Die Arterienverengung wird durch eine Ansammlung von Fettablagerungen – auch Plaque genannt – an den Innenwänden der Blutgefäße verursacht.
Die Krankheit ist stark unterdiagnostiziert, was hauptsächlich darauf zurückzuführen ist, dass über 50% der Patienten asymptomatisch sind. Leider betrachten viele Betroffene die Symptome einer pAVK, insbesondere Schmerzen beim Gehen, als normale Erscheinungen des Älterwerdens und suchen daher erst dann einen Arzt auf, wenn die Krankheit bereits fortgeschritten ist.

Symptome
- Beinschmerzen beim Gehen, besonders in der Wade
- Die Schmerzen vergehen bei Ruhe, kehren jedoch bei weiterer Bewegung zurück
- Kalte Füße
- Wunden an Händen und Füßen, die nur schlecht verheilen
- Trockene, schuppige, glänzende Haut
- Brüchige oder langsam wachsende Zehennägel
Behandlungsmöglichkeiten
Die medizinische Therapie der pAVK stützt sich auf aggressive Behandlung der Risikofaktoren (durch Veränderungen der Lebensweise), körperliches Training und die Behandlung mit Medikamenten.

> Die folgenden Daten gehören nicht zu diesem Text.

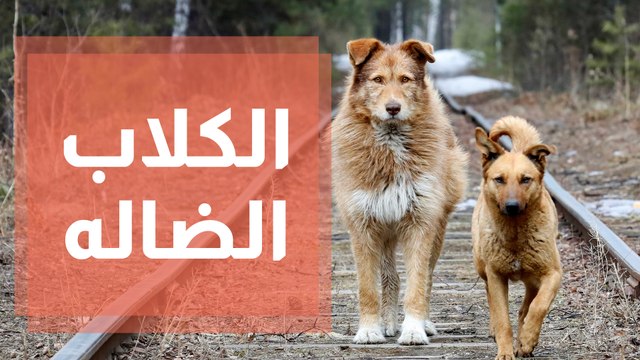 كيف نقضي على ظاهرة الكلاب الضاله دون قتلها ؟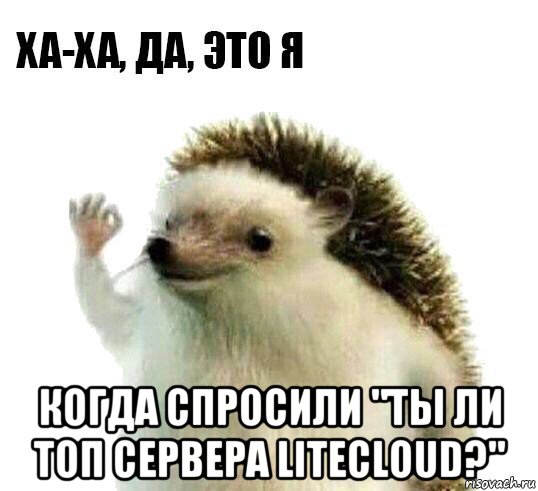  когда спросили "ты ли топ сервера litecloud?", Мем Ха-ха да это я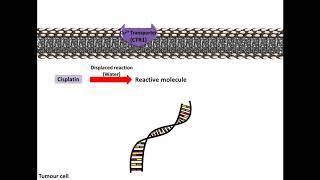 Clisplatin - Mechanism of Action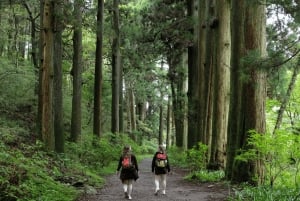 Хаконэ Хачири: пешеходная экскурсия по старому шоссе Токайдо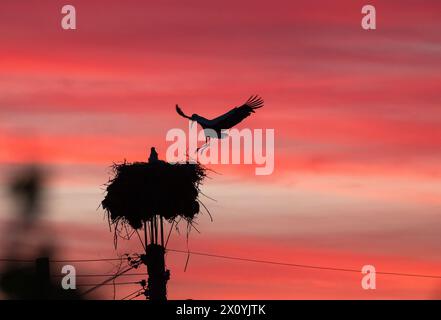 Malomirovo Bulgarien 14. April 2024: Brutpaar Weißstörche bei Sonnenuntergang. Clifford Norton Alamy Live News Stockfoto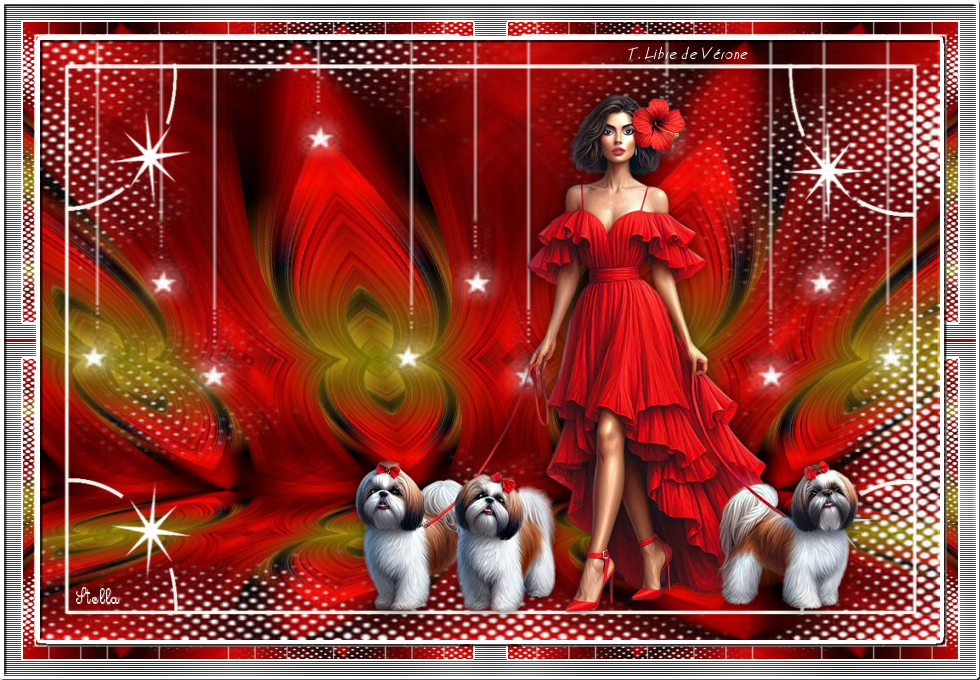 mystere_decembre_2024_stardesignpsp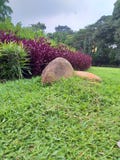 Προεδρικό παλάτι Bogor σε Bogor στοκ φωτογραφία με δικαίωμα ελεύθερης χρήσης Προεδρικό παλάτι Bogor σε Bogor στοκ φωτογραφία με δικαίωμα ελεύθερης χρήσης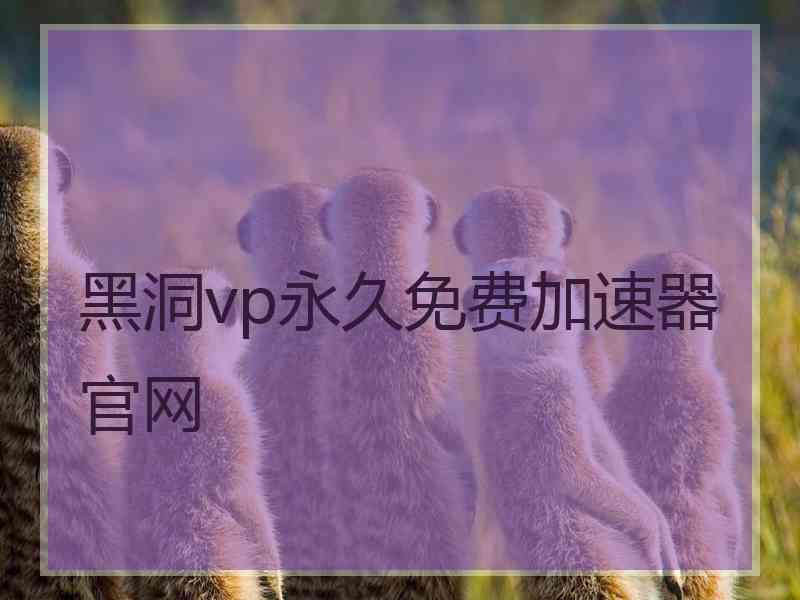 黑洞vp永久免费加速器官网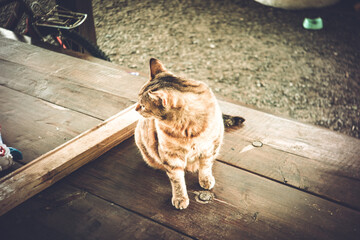 Fat stray cat in summer in the village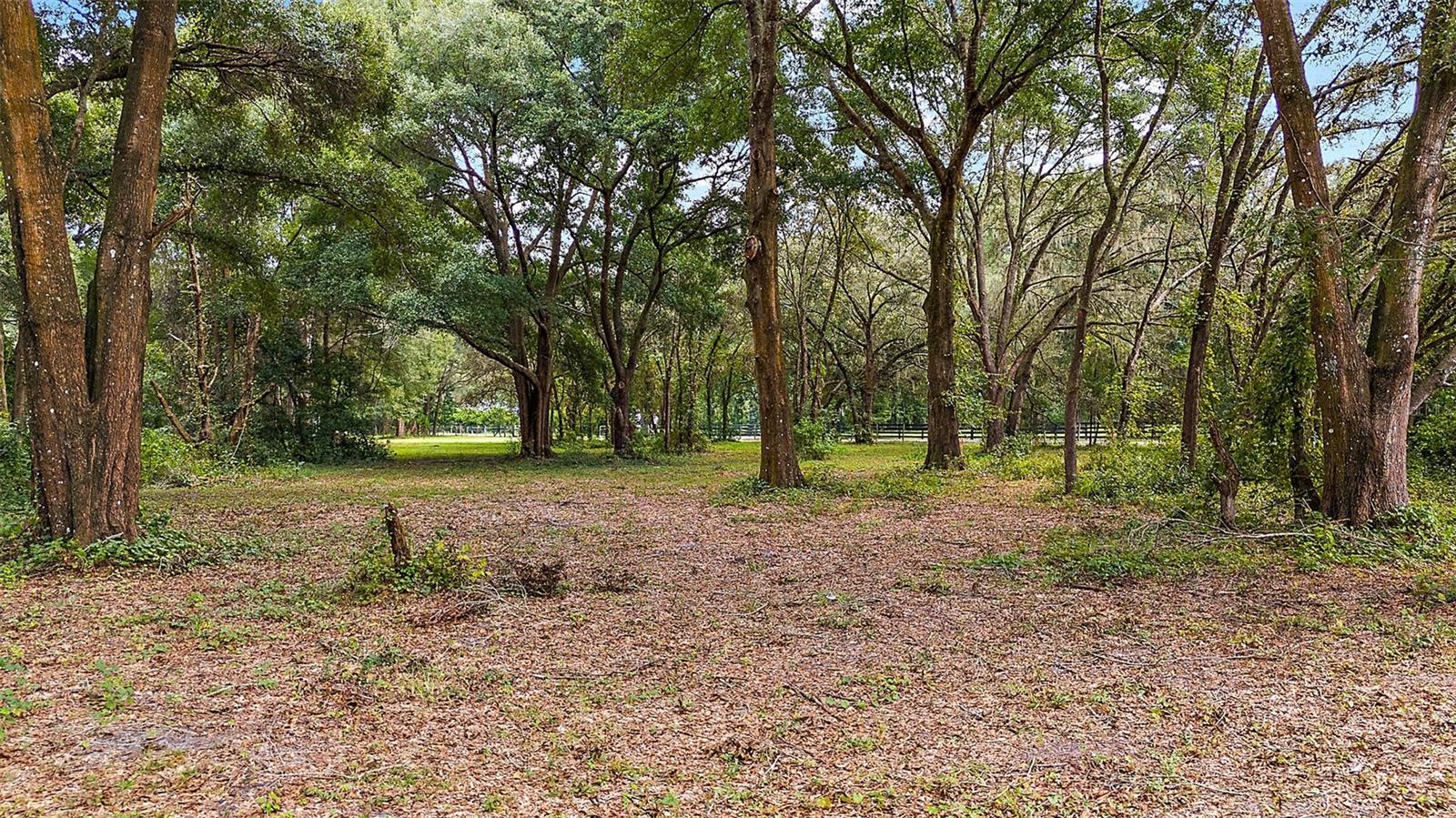 1112 NE 135TH GRV, OXFORD, FL, 34484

Früher galt eine Bypass-Operation als einzige Behandlungsmöglichkeit für die pAVK. In der aktuellen Therapie werden weniger invasive und oft ambulant durchgeführte Behandlungsmöglichkeiten, wie Angioplastie und Stent-Implantation bevorzugt.
Angioplastie
Die perkutane transluminale Ballonangioplastie (PTA) ist ein weniger invasives, nicht-operatives Verfahren und wird erfolgreich zur Behandlung lokalisierter stenosierender oder okkludierender Läsionen in den Gliedmaßen eingesetzt. Die Erfolgsrate der Angioplastie ist ähnlich wie die des operativen Eingriffs.
Stents
Neben einer reinen Ballonangioplastie kann sich der behandelnde Arzt zusätzlich für die Implantation einer Gefäßstütze (Stent) entscheiden, um somit ein besseres Ergebnis zu erzielen und einen erneuten Verschluss zu verhindern.
Die endovaskuläre Therapie ist eine der am schnellsten wachsenden Bereiche der Gefäßmedizin. Dadurch wird es möglich, pAVK-Patienten rechzeitig, risikoarm und schonend mit minimal-invasiven Methoden zu behandeln.